Luckily, this little story ends with a remarkably simple phone call to the bank, who were able to process a refund in under an hour. If you find yourself in a similar situation, here’s what you can do to follow up and take control:

Unauthorised Fraud

The bulk of that 500 million was lost due to unauthorised fraud. Like the fraud in our example, this involves people making transactions without the account holder’s knowledge. In most cases, the bank will refund this – in fact, regulations from 2009 say that it’s their responsibility to do so. This can include cases where you authorised a payment, but the amount taken was higher than what you gave permission for.

You should contact the bank as soon as you realise that the unauthorised payment has happened (this is why it’s so important to review your statements regularly!). They may be able to refund you straight away, especially if the amount is small, or they may need to investigate further – in which case it may help if you can provide proof that you didn’t make the transaction yourself.

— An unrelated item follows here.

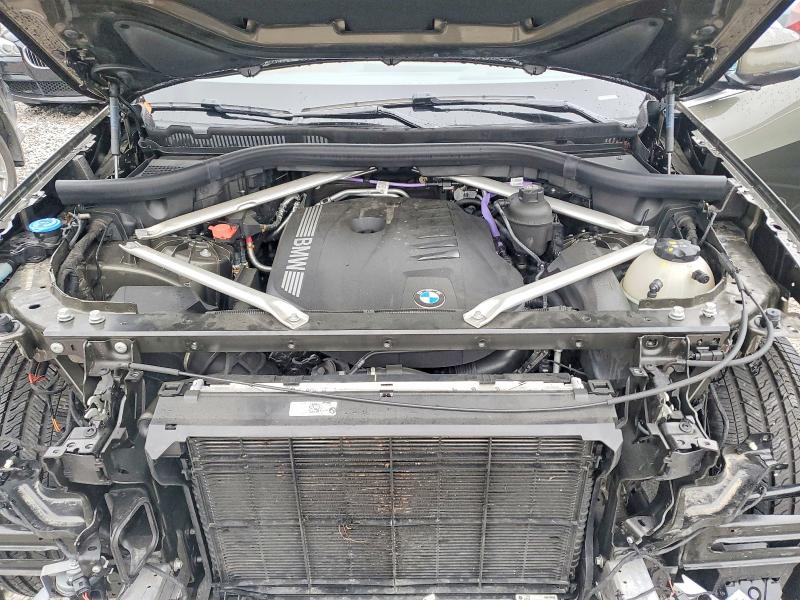 62746126 :رقم المزاد ، 5UX23EU05S9W56537 vin ، 2025 Bmw X5 مزاد بيع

Authorised Push Payments (APP)

Unfortunately, people who fall victim to APP may find that recovering the cash is not so simple. According to UK Finance, £145m of fraud in the first half of the year involved authorised payments: for instance, being tricked into paying for a product or service that doesn’t actually exist.  This can be a more complex situation, as there’s no regulation specifying that your bank needs to refund you: legally, the responsibility sits with you. However, there are still options:

  • If you were scammed buying an item costing between £100 and £30,000 using a credit card, then you may be covered by section 75 of the consumer credit act, meaning that you can use what’s called a ‘chargeback’ to get your money back. Here’s a rundown of when section 75 will apply.
  • There is also a ‘chargeback scheme‘ which allows you to reverse payments of under £100, for both debit and credit cards. This can be useful if products don’t arrive or are not as described – you will need to contact your bank to ask them to recover the money.
  • If you have been scammed into transferring money into another bank account then you need to contact your bank immediately. They are not obliged to refund you, but they may be able to help recover the money. You should also contact the police and report the fraud.

We hope that you don’t find yourself in a position where you need to use this guide – but if you do, it should help you take the necessary next steps as quickly as possible.